▸ **Task to complete**
Every entry should be transcribed word for word, so that nothing is missing.

▸ **Supplied information**
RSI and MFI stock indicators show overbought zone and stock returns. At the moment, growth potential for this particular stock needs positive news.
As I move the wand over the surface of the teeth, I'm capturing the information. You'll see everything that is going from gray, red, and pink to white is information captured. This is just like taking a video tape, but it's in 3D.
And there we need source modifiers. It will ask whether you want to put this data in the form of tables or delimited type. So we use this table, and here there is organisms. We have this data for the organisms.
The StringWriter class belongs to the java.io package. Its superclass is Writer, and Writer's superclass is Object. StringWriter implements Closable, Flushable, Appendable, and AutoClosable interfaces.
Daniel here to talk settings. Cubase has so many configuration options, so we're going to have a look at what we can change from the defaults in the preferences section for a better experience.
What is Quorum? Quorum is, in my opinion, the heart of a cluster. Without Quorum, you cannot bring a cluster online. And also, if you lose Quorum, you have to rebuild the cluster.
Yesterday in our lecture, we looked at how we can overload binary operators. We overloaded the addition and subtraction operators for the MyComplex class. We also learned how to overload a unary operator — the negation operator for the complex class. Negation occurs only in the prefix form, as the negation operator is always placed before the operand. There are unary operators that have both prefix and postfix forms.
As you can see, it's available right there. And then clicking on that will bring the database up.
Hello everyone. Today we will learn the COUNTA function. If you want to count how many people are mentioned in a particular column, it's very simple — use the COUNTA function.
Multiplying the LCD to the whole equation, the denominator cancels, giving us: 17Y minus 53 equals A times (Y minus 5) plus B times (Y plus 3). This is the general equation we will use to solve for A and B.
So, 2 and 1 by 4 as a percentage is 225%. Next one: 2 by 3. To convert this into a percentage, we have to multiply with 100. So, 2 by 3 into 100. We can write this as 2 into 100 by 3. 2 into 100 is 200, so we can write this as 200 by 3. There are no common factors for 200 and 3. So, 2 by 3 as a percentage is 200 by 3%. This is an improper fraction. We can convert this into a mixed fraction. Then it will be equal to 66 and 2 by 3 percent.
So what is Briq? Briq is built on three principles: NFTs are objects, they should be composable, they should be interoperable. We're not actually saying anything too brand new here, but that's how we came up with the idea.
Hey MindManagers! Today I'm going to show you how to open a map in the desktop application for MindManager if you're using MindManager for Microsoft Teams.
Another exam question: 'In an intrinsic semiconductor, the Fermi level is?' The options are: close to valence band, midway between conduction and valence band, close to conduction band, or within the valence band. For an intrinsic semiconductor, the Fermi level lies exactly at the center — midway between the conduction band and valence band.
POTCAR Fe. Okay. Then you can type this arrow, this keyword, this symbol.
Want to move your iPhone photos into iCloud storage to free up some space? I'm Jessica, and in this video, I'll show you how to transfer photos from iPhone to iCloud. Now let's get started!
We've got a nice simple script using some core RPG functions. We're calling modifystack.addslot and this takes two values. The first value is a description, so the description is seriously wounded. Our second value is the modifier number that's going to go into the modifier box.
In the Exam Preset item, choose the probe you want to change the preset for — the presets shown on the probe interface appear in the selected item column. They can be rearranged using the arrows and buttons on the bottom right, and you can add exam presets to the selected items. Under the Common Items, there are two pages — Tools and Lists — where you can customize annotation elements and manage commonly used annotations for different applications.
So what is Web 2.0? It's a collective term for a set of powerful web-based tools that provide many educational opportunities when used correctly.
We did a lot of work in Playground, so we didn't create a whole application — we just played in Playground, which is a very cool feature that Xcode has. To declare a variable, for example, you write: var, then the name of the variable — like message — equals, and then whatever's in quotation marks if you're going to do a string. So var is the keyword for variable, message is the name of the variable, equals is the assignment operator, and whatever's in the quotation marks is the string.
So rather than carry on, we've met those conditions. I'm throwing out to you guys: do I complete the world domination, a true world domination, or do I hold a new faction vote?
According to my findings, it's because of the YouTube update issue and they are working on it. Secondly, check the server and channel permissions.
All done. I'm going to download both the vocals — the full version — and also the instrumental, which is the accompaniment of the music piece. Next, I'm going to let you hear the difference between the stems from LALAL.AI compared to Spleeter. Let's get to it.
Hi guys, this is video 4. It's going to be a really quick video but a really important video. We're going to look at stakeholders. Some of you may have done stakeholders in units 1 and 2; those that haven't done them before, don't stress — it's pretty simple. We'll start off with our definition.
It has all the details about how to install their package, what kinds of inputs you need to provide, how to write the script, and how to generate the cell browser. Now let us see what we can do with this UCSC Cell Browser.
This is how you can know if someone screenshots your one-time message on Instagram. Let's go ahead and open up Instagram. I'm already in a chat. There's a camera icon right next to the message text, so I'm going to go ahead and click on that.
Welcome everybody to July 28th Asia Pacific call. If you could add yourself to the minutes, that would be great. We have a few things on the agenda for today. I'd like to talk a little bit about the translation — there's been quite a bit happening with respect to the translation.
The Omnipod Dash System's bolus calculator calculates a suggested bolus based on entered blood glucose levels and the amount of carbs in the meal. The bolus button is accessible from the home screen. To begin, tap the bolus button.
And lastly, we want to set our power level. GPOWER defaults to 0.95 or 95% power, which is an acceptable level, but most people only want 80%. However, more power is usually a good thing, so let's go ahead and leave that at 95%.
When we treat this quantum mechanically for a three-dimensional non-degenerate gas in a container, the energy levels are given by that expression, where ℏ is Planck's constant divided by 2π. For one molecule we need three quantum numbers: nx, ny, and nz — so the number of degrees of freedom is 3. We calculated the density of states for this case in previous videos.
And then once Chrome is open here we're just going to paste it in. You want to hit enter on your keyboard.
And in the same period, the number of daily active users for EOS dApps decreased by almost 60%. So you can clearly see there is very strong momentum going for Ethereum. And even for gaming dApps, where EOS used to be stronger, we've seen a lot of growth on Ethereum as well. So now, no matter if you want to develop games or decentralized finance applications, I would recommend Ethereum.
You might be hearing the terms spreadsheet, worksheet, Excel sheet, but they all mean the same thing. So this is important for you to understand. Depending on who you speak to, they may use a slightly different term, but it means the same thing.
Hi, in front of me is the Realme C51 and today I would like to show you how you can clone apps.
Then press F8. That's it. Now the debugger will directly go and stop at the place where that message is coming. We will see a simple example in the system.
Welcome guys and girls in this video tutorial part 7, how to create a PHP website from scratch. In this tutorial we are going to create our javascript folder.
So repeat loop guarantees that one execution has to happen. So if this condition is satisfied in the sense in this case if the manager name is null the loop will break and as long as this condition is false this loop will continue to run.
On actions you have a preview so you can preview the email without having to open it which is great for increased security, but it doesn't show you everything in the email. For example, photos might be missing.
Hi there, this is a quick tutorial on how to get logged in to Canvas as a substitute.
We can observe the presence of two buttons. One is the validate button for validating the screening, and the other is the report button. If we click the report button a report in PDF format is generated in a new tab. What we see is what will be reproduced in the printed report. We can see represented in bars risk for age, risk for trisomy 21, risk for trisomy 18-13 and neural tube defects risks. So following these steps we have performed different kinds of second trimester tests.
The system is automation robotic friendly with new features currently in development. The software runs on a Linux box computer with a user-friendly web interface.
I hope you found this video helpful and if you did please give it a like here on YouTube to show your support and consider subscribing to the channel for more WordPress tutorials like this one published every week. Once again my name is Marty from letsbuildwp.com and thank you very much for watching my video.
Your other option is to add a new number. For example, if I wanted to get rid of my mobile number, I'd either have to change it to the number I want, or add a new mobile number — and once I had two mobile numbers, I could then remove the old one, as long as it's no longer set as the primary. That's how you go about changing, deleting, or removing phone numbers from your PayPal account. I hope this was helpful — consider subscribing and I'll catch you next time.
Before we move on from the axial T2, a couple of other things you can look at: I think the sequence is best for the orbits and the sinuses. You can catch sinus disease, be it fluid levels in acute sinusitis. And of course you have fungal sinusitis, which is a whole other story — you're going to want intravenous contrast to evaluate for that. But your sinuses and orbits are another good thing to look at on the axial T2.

▸ **Task output**
RSI and MFI stock indicators show overbought zone and stock returns. At the moment, growth potential for this particular stock needs positive news.
As I move the wand over the surface of the teeth, I'm capturing the information. You'll see everything that is going from gray, red, and pink to white is information captured. This is just like taking a video tape, but it's in 3D.
And there we need source modifiers. It will ask whether you want to put this data in the form of tables or delimited type. So we use this table, and here there is organisms. We have this data for the organisms.
The StringWriter class belongs to the java.io package. Its superclass is Writer, and Writer's superclass is Object. StringWriter implements Closable, Flushable, Appendable, and AutoClosable interfaces.
Daniel here to talk settings. Cubase has so many configuration options, so we're going to have a look at what we can change from the defaults in the preferences section for a better experience.
What is Quorum? Quorum is, in my opinion, the heart of a cluster. Without Quorum, you cannot bring a cluster online. And also, if you lose Quorum, you have to rebuild the cluster.
Yesterday in our lecture, we looked at how we can overload binary operators. We overloaded the addition and subtraction operators for the MyComplex class. We also learned how to overload a unary operator — the negation operator for the complex class. Negation occurs only in the prefix form, as the negation operator is always placed before the operand. There are unary operators that have both prefix and postfix forms.
As you can see, it's available right there. And then clicking on that will bring the database up.
Hello everyone. Today we will learn the COUNTA function. If you want to count how many people are mentioned in a particular column, it's very simple — use the COUNTA function.
Multiplying the LCD to the whole equation, the denominator cancels, giving us: 17Y minus 53 equals A times (Y minus 5) plus B times (Y plus 3). This is the general equation we will use to solve for A and B.
So, 2 and 1 by 4 as a percentage is 225%. Next one: 2 by 3. To convert this into a percentage, we have to multiply with 100. So, 2 by 3 into 100. We can write this as 2 into 100 by 3. 2 into 100 is 200, so we can write this as 200 by 3. There are no common factors for 200 and 3. So, 2 by 3 as a percentage is 200 by 3%. This is an improper fraction. We can convert this into a mixed fraction. Then it will be equal to 66 and 2 by 3 percent.
So what is Briq? Briq is built on three principles: NFTs are objects, they should be composable, they should be interoperable. We're not actually saying anything too brand new here, but that's how we came up with the idea.
Hey MindManagers! Today I'm going to show you how to open a map in the desktop application for MindManager if you're using MindManager for Microsoft Teams.
Another exam question: 'In an intrinsic semiconductor, the Fermi level is?' The options are: close to valence band, midway between conduction and valence band, close to conduction band, or within the valence band. For an intrinsic semiconductor, the Fermi level lies exactly at the center — midway between the conduction band and valence band.
POTCAR Fe. Okay. Then you can type this arrow, this keyword, this symbol.
Want to move your iPhone photos into iCloud storage to free up some space? I'm Jessica, and in this video, I'll show you how to transfer photos from iPhone to iCloud. Now let's get started!
We've got a nice simple script using some core RPG functions. We're calling modifystack.addslot and this takes two values. The first value is a description, so the description is seriously wounded. Our second value is the modifier number that's going to go into the modifier box.
In the Exam Preset item, choose the probe you want to change the preset for — the presets shown on the probe interface appear in the selected item column. They can be rearranged using the arrows and buttons on the bottom right, and you can add exam presets to the selected items. Under the Common Items, there are two pages — Tools and Lists — where you can customize annotation elements and manage commonly used annotations for different applications.
So what is Web 2.0? It's a collective term for a set of powerful web-based tools that provide many educational opportunities when used correctly.
We did a lot of work in Playground, so we didn't create a whole application — we just played in Playground, which is a very cool feature that Xcode has. To declare a variable, for example, you write: var, then the name of the variable — like message — equals, and then whatever's in quotation marks if you're going to do a string. So var is the keyword for variable, message is the name of the variable, equals is the assignment operator, and whatever's in the quotation marks is the string.
So rather than carry on, we've met those conditions. I'm throwing out to you guys: do I complete the world domination, a true world domination, or do I hold a new faction vote?
According to my findings, it's because of the YouTube update issue and they are working on it. Secondly, check the server and channel permissions.
All done. I'm going to download both the vocals — the full version — and also the instrumental, which is the accompaniment of the music piece. Next, I'm going to let you hear the difference between the stems from LALAL.AI compared to Spleeter. Let's get to it.
Hi guys, this is video 4. It's going to be a really quick video but a really important video. We're going to look at stakeholders. Some of you may have done stakeholders in units 1 and 2; those that haven't done them before, don't stress — it's pretty simple. We'll start off with our definition.
It has all the details about how to install their package, what kinds of inputs you need to provide, how to write the script, and how to generate the cell browser. Now let us see what we can do with this UCSC Cell Browser.
This is how you can know if someone screenshots your one-time message on Instagram. Let's go ahead and open up Instagram. I'm already in a chat. There's a camera icon right next to the message text, so I'm going to go ahead and click on that.
Welcome everybody to July 28th Asia Pacific call. If you could add yourself to the minutes, that would be great. We have a few things on the agenda for today. I'd like to talk a little bit about the translation — there's been quite a bit happening with respect to the translation.
The Omnipod Dash System's bolus calculator calculates a suggested bolus based on entered blood glucose levels and the amount of carbs in the meal. The bolus button is accessible from the home screen. To begin, tap the bolus button.
And lastly, we want to set our power level. GPOWER defaults to 0.95 or 95% power, which is an acceptable level, but most people only want 80%. However, more power is usually a good thing, so let's go ahead and leave that at 95%.
When we treat this quantum mechanically for a three-dimensional non-degenerate gas in a container, the energy levels are given by that expression, where ℏ is Planck's constant divided by 2π. For one molecule we need three quantum numbers: nx, ny, and nz — so the number of degrees of freedom is 3. We calculated the density of states for this case in previous videos.
And then once Chrome is open here we're just going to paste it in. You want to hit enter on your keyboard.
And in the same period, the number of daily active users for EOS dApps decreased by almost 60%. So you can clearly see there is very strong momentum going for Ethereum. And even for gaming dApps, where EOS used to be stronger, we've seen a lot of growth on Ethereum as well. So now, no matter if you want to develop games or decentralized finance applications, I would recommend Ethereum.
You might be hearing the terms spreadsheet, worksheet, Excel sheet, but they all mean the same thing. So this is important for you to understand. Depending on who you speak to, they may use a slightly different term, but it means the same thing.
Hi, in front of me is the Realme C51 and today I would like to show you how you can clone apps.
Then press F8. That's it. Now the debugger will directly go and stop at the place where that message is coming. We will see a simple example in the system.
Welcome guys and girls in this video tutorial part 7, how to create a PHP website from scratch. In this tutorial we are going to create our javascript folder.
So repeat loop guarantees that one execution has to happen. So if this condition is satisfied in the sense in this case if the manager name is null the loop will break and as long as this condition is false this loop will continue to run.
On actions you have a preview so you can preview the email without having to open it which is great for increased security, but it doesn't show you everything in the email. For example, photos might be missing.
Hi there, this is a quick tutorial on how to get logged in to Canvas as a substitute.
We can observe the presence of two buttons. One is the validate button for validating the screening, and the other is the report button. If we click the report button a report in PDF format is generated in a new tab. What we see is what will be reproduced in the printed report. We can see represented in bars risk for age, risk for trisomy 21, risk for trisomy 18-13 and neural tube defects risks. So following these steps we have performed different kinds of second trimester tests.
The system is automation robotic friendly with new features currently in development. The software runs on a Linux box computer with a user-friendly web interface.
I hope you found this video helpful and if you did please give it a like here on YouTube to show your support and consider subscribing to the channel for more WordPress tutorials like this one published every week. Once again my name is Marty from letsbuildwp.com and thank you very much for watching my video.
Your other option is to add a new number. For example, if I wanted to get rid of my mobile number, I'd either have to change it to the number I want, or add a new mobile number — and once I had two mobile numbers, I could then remove the old one, as long as it's no longer set as the primary. That's how you go about changing, deleting, or removing phone numbers from your PayPal account. I hope this was helpful — consider subscribing and I'll catch you next time.
Before we move on from the axial T2, a couple of other things you can look at: I think the sequence is best for the orbits and the sinuses. You can catch sinus disease, be it fluid levels in acute sinusitis. And of course you have fungal sinusitis, which is a whole other story — you're going to want intravenous contrast to evaluate for that. But your sinuses and orbits are another good thing to look at on the axial T2.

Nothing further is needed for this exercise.